Single-image dehazing methods that extensively utilize prior knowledge have emerged. A patch-based dark channel prior (DCP) [
11] method proposed by He et al. is one of the representative prior methods. Based on the assumption that hazy images may have extremely low intensity in at least one color channel, DCP uses an atmospheric scattering model for haze removal. Pixel-based dehazing methods [
37,
38] provide another solution to estimate the transmission map; however, pixel-based dehazing methods may result in insufficient information and an inability to estimate transmission maps. In addition, a method for establishing a linear model based on local prior images was proposed by Zhu et al. [
18] to restore depth information. Although prior-based methods have achieved good results, the existence of priors is conditional. These hand-crafted priors are only applicable to specific cases and may not be applicable in changing scenarios.
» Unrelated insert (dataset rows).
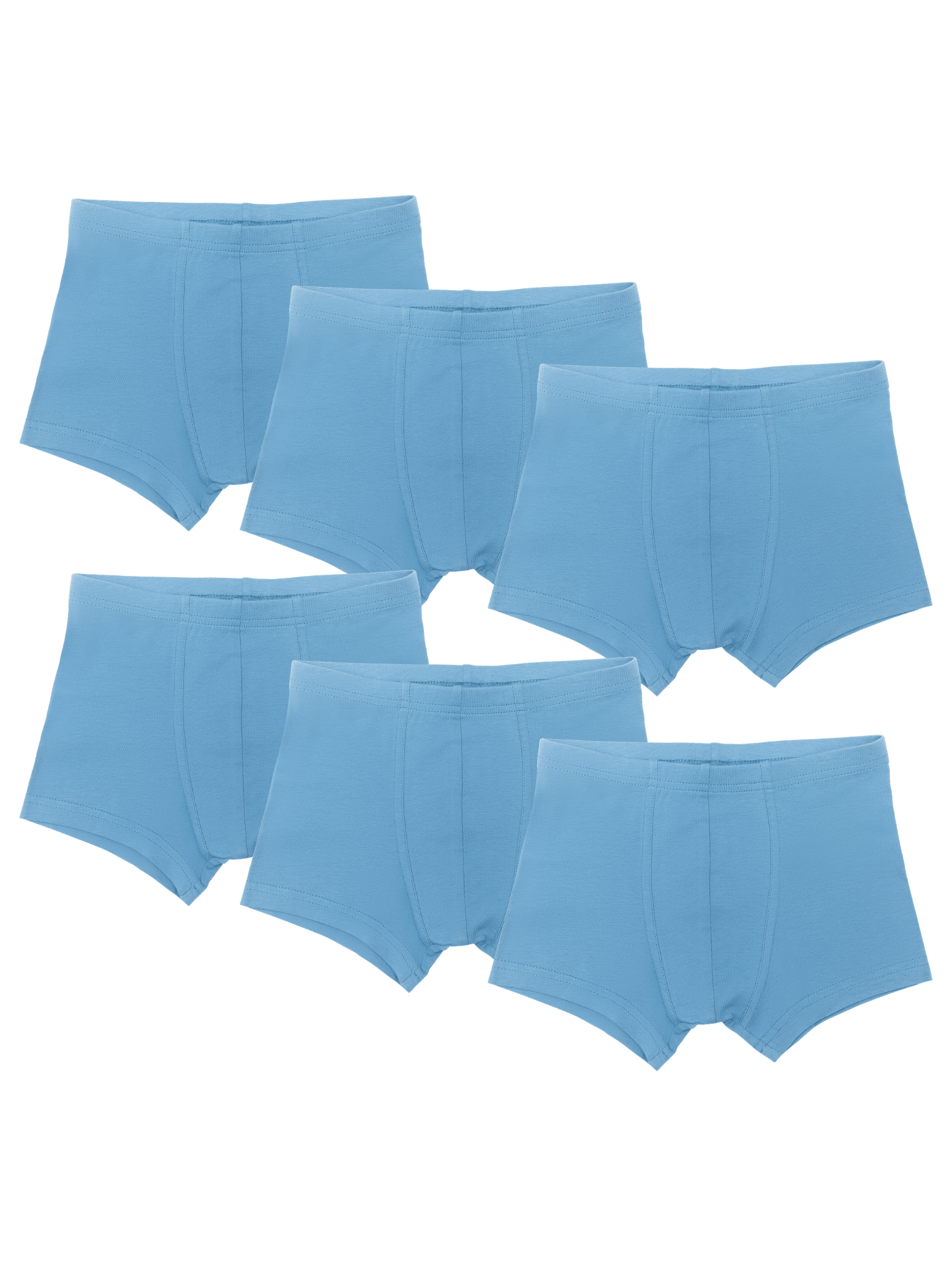 Bio-Baumwoll-Jungen Retroshorts-6er Pack - Evermind.eco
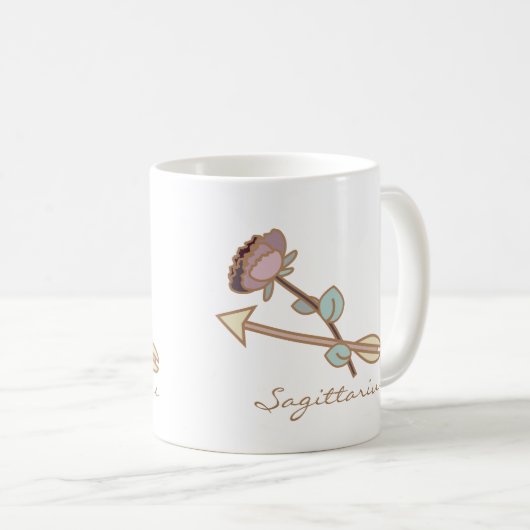 Sagittarius Zodiac Boho Coffee Mug (Devant droit)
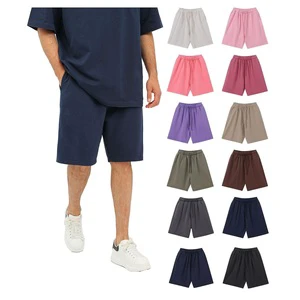 Wholesale 320g Pure Cotton Retro Washing Process, Dazzling Dyeing, Loose Casual Plus Size Suitable For Men's And Women's Shorts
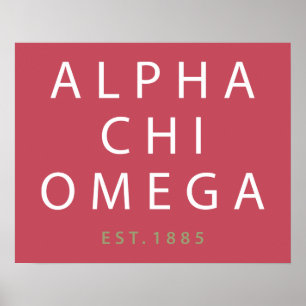 Poster Alpha Chi Omega Établi en 1885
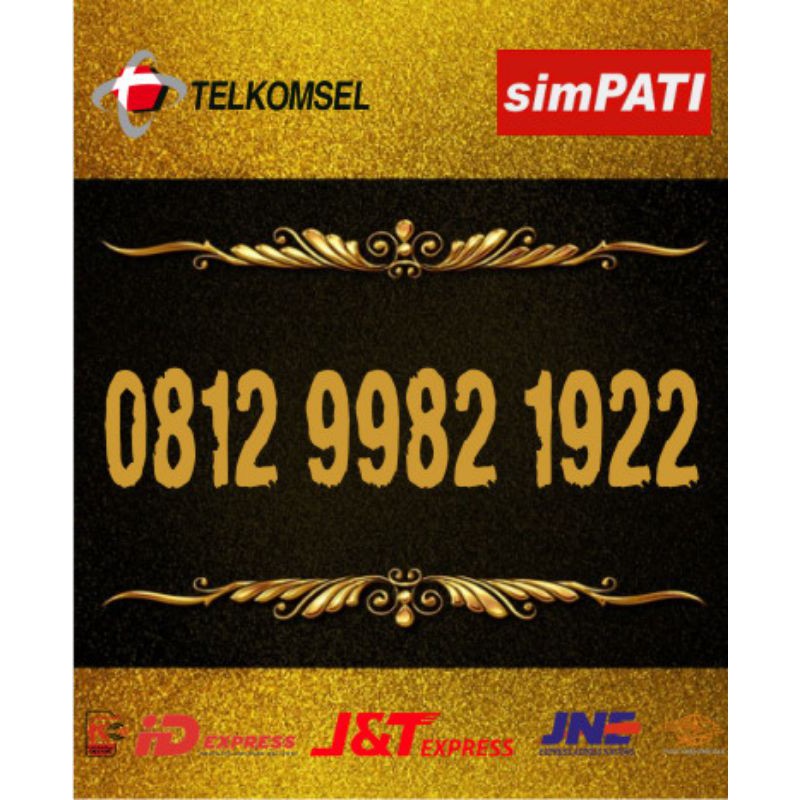 NOMOR SIMPATI 4G EKOR TAHUN PSHT SERI 0812 9982 1922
The human brain is able to quickly distinguish hazy regions in natural images without other information, and convolutional neural networks have been inspired by this to be applied in image dehazing. These learning-based methods demonstrate extremely strong capabilities in dehazing. For example, Cai et al. [
31] proposed Dehaze-Net, which is a trainable end-to-end network consisting of four parts: feature extraction; multiscale mapping; local extremum; and nonlinear regression. It is used to estimate the transmission map, and then the output transmission map is restored to a clean image through an atmospheric scattering model. Ren et al. [
39] further proposed a multiscale convolutional neural network (MSCNN) for estimating scene transmission maps. Qin et al. [
36] proposed an end-to-end feature fusion attention network (FFA-Net) to directly recover clean images, taking into account different weighted information. Due to the difficulty in obtaining paired clean images and hazy images in nature, Li et al. [
40] studied the implementation of image dehazing without training on real clean image sets on the ground. These learning-based methods have achieved good performance in dehazing and are more widely used in image dehazing.
5. Conclusions
We proposed a novel end-to-end adaptive enhancement dehazing network, called IFE-Net, to address the challenge of single-image dehazing. IFE-Net consists of a multiscale feature extraction block, an attention mechanism (AM) module, and a bilateral constrained rectifier linear unit (BCReLU). Considering the cumulative errors that may arise from estimating atmospheric light and transmission maps separately, IFE-Net estimates a parameter that is unified by both. Its novel network design effectively performs feature extraction. In addition, we designed an attention mechanism (AM) module to address the varying importance of information in different regions. The importance of BCReLU in image restoration was also demonstrated through experiments. We compared IFE-Net with other dehazing methods using PSNR and SSIM, and the results show that IFE-Net achieved good scores for both indicators. At the same time, we used subjective criteria to analyze the results obtained via different methods on natural hazy images. Our conclusion is that the proposed IFE-Net combines feature extraction blocks, attention mechanism, and a BCReLU activation function, making it significantly effective in natural and synthetic image dehazing. Although our IFE-Net has a simple structure, it shows strong capabilities in haze removal. The experimental results confirm the superiority and efficiency of IFE-Net. At present, IFE-Net has achieved good results in dehazing, and another promising area for our future research is to apply it to image enhancement algorithms.